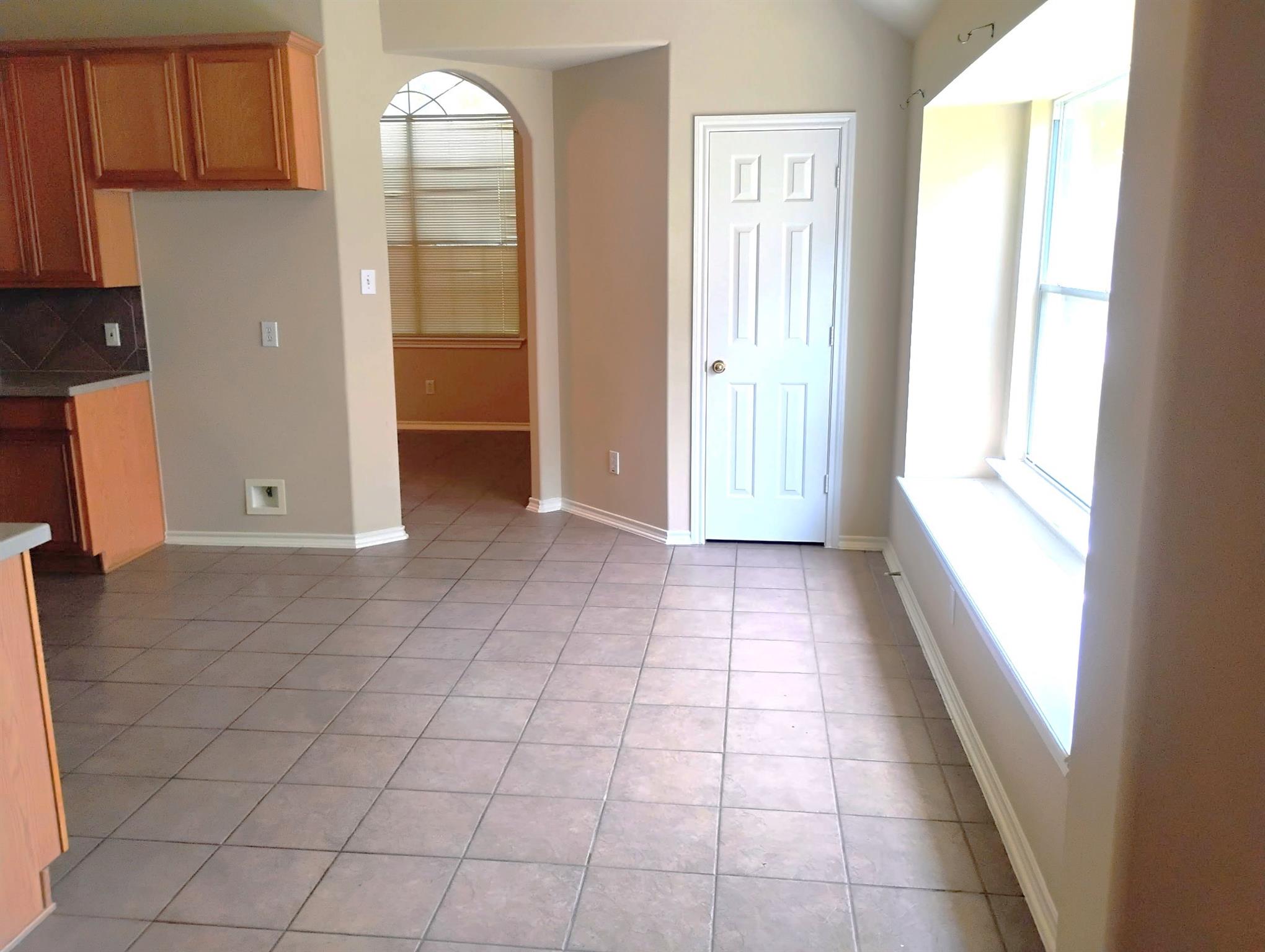 18507 Half Moon Trail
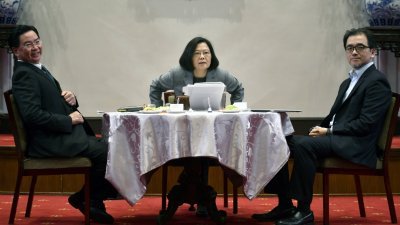 台湾总统蔡英文（中）在外交部长吴钊燮（左），以及总统府副秘书长刘建忻的陪同下，于总统府与国际媒体茶叙，针对两岸局势提出说明。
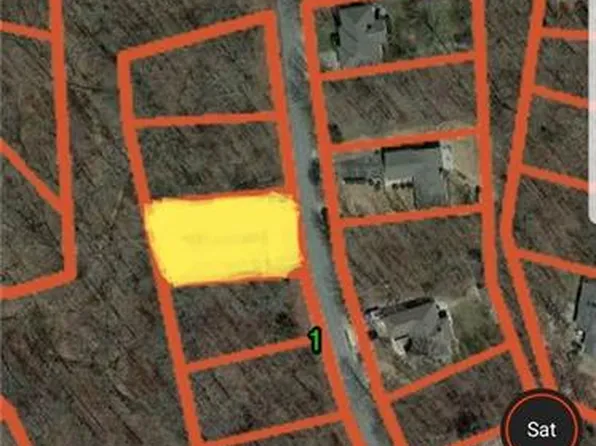 Islay Dr, Bella Vista, AR 72715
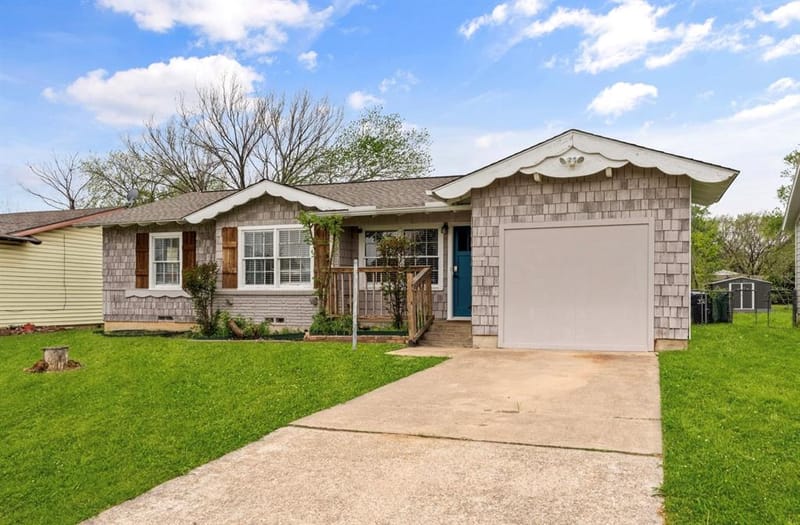 1110 Park Street, Arlington TX 76011 - Photo 3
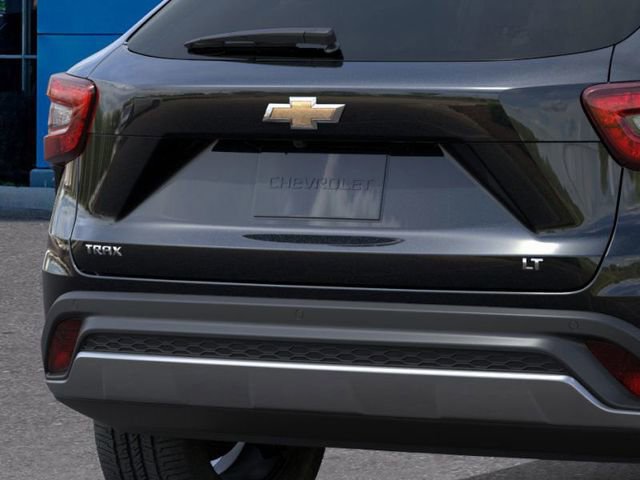 New 2026 Chevrolet Trax LT w/ Driver Confidence Package image 14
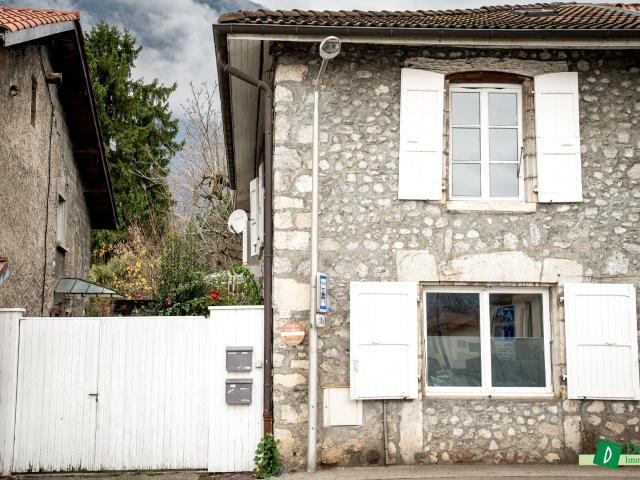 Maison atypique au coeur du village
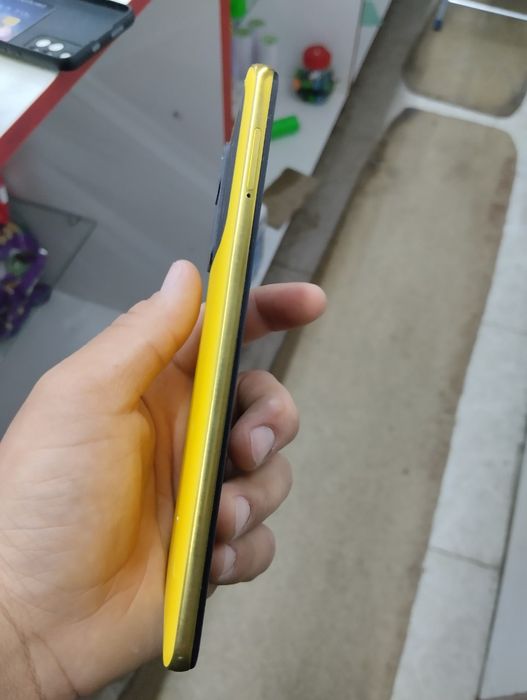 Poco M4Pro 5G  6/128 telefoni srochna sotiladi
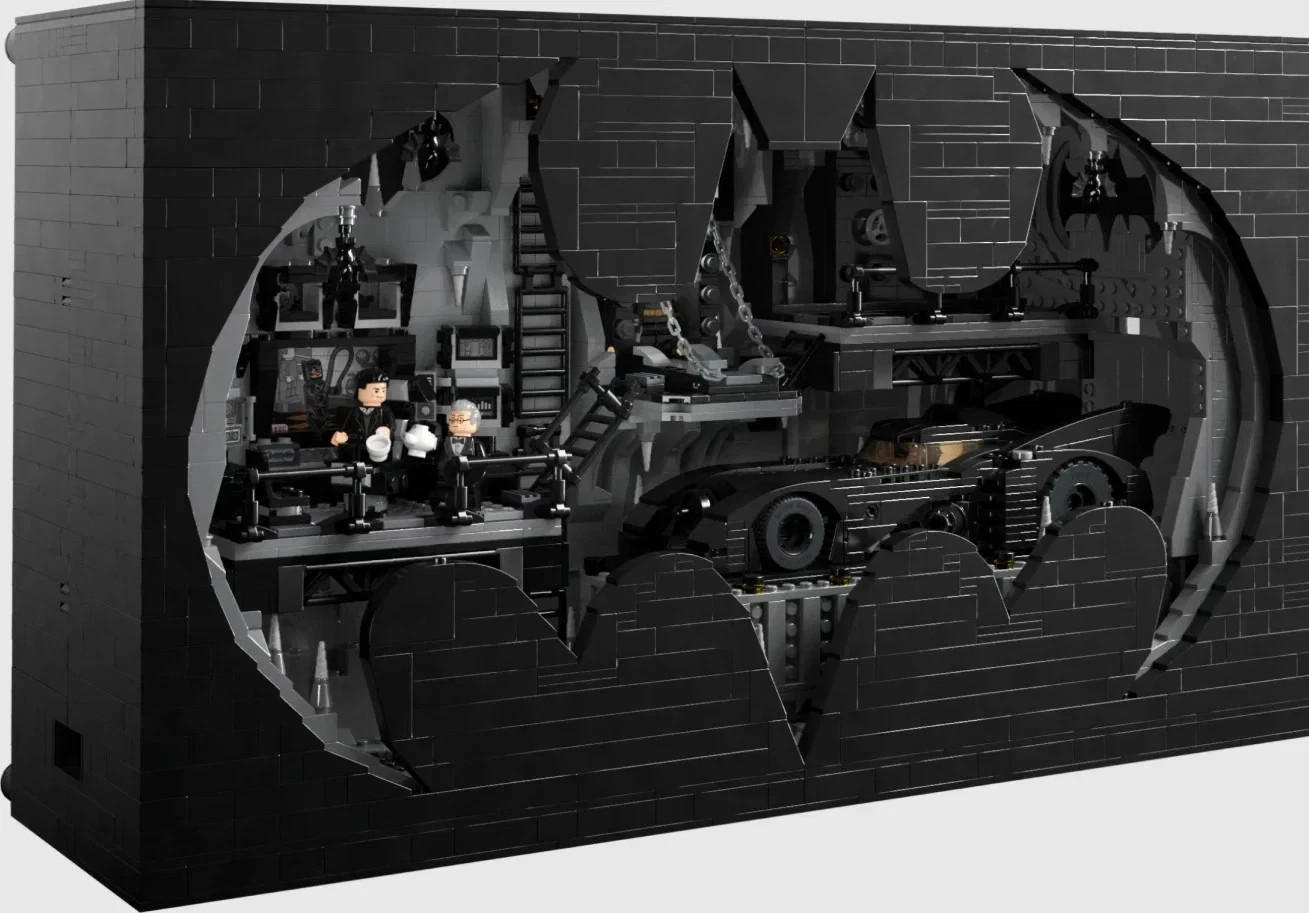 NEW 3981PCS Batman Batcave Shadow Box Building Block Set No Box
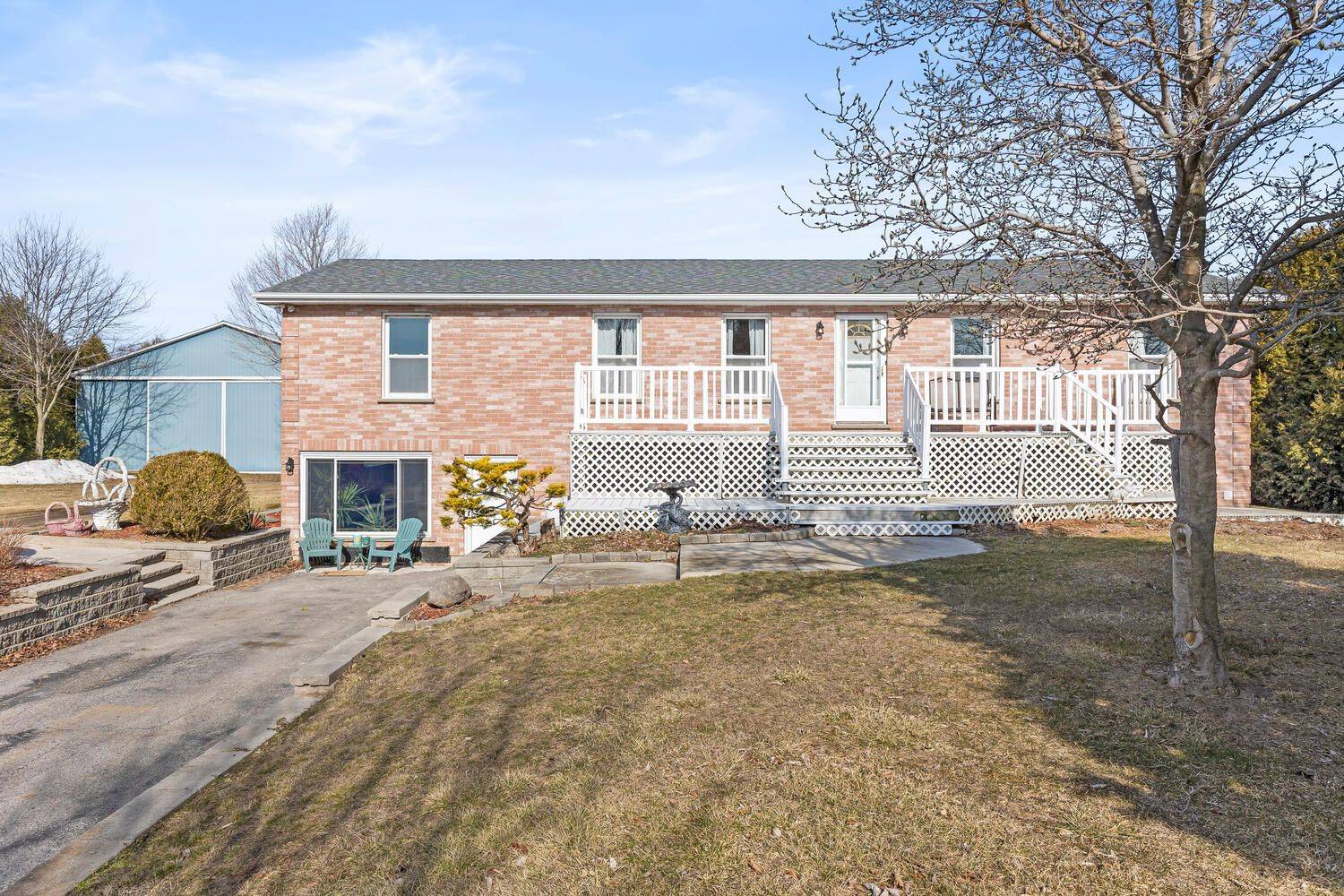 West Elgin, ON N0L 2C0,22120 Talbot RD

=====

→ Problem statement
Output the full listing verbatim, but drop the images.

→ Exercise result
 18507 Half Moon Trail
 台湾总统蔡英文（中）在外交部长吴钊燮（左），以及总统府副秘书长刘建忻的陪同下，于总统府与国际媒体茶叙，针对两岸局势提出说明。
 Islay Dr, Bella Vista, AR 72715
 1110 Park Street, Arlington TX 76011 - Photo 3
 New 2026 Chevrolet Trax LT w/ Driver Confidence Package image 14
 Maison atypique au coeur du village
 Poco M4Pro 5G  6/128 telefoni srochna sotiladi
 NEW 3981PCS Batman Batcave Shadow Box Building Block Set No Box
 West Elgin, ON N0L 2C0,22120 Talbot RD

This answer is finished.